Il est 5 heures du matin. Le concert de Damso était à 22h30. Pour le GHB, la drogue généralement suspectée dans ce cas de figure (aussi appelée drogue du violeur), les analyses doivent être effectuées rapidement car le produit n'est plus détectable dans les urines au bout de 12 heures.
Mais Lara et Julie sont fatiguées, elles ont besoin de repos.
Dimanche, la mère et sa fille retournent à l'hôpital d'Aix avec leur document de la police. Il leur faut cette fois-ci attendre que les services de l'hôpital de la Timone, à Marseille, envoient un protocole à suivre aux équipes aixoises.
Un traitement préventif
Julie se sent fébrile, elle a encore envie de vomir. Elle n'aura pas ce dimanche le résultat des analyses de sang et d'urine. En prévention, elle doit prendre un traitement durant sept jours, dont elle ignore le but précis.
"Maintenant qu'il lui est arrivé ça, alors que ma fille a 16 ans et commence à sortir, je vais être stressée parce que ça peut arriver n'importe où", explique sa mère Julie.
Lara aussi explique être "moins à l'aise qu'avant". Le sujet des piqûres est souvent abordé dans son cercle d'amies mais jusqu'à présent, elle ne connaissait aucune victime. Elle avait même hésité à prendre des places de concert pour cette raison.
De son côté, le festival ne souhaite pas communiquer sur le phénomène. Pour l'heure, aucun cas de soumission chimique n'a été détecté officiellement. Aucune seringue n'a été retrouvée.
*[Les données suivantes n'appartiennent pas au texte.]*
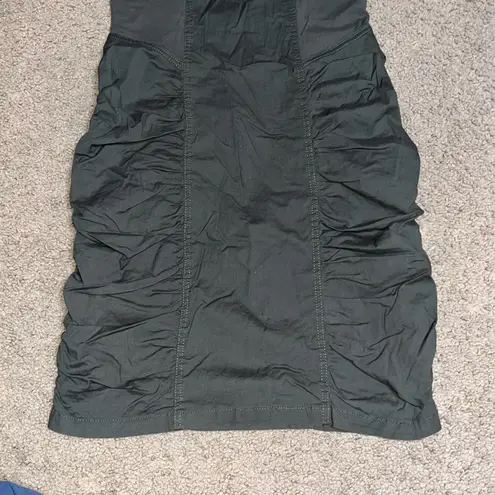 XCVI Wearables Raymond Sleeveless Ruched Poplin + Jersey Dress Green Small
Des signalements, pas de preuve officielle
Côté pompiers, Rémi Pandolfi, pompier professionnel sur le stand de secours du festival, confirme : "Des personnes sont venues en disant qu’elles avaient eu l’impression d’être piquées. Je ne peux pas dire si elles ont été piquées ou pas. Mais nous, ce qu’on leur conseille c’est d’aller dans un centre de dépistage, par précaution."
Concentrés sur les premiers secours, les pompiers n'ont pas d'outils sur leur stand pour détecter la présence de drogue dans le sang des personnes qui viennent se signaler. "On n'a vu rien de grave, pas de symptômes importants, précise Rémi Pandolfi. Mais on prend tout de même le nom des personnes et on fait remonter cela auprès de l’Agence régionale de santé et du Samu."
Les festivaliers que nous avons interrogés se montrent modérément inquiets. "Je me méfie plus dans les bars ou les boîtes", déclare l'une d'elles. Et une autre d'ajouter : "Il y a toujours des trucs inquiétants partout mais on peut rien faire, on ne va pas se mettre une armure en métal."
Un festival sous étroite surveillance
Pour répondre aux "violences sexuelles et sexistes", Marsatac a été le premier festival à développer dès 2021 une application pour permettre aux victimes ou témoins de ces actes de les signaler en temps réel.
"Il y a trois niveaux d'alerte, détaille Marc Brielles, coordinateur de l'application, 'Je suis gêné.e, je suis harcelé.e, je suis en danger', à chaque signalement tous les bénévoles reçoivent l'alerte".
Pour cette édition de Marsatac, l'application a été téléchargée des centaines de fois. Il est trop tôt pour savoir combien de signalements ont été envoyés.
"S'il s'agit de violences et d'harcèlements sexuels et sexistes, les bénévoles qui ont été sensibilisés par notre parcours en ligne vont pourvoir prendre en charge la victime", explique Marc Brielles.
Si c’est plus grave, on va les accompagner sur le stand où une professionnelle du CIDFF (centre d'information sur les droits des femmes et des familles), va pouvoir intervenir et l’écouter. Après, sur d’autres agressions, on a la chance d’avoir les pompiers qui sont en maraude, qui accompagnent et qui surveillent, ainsi qu'un médecin, qui peut aussi ausculter les victimes et les réorienter vers l’hôpital si besoin."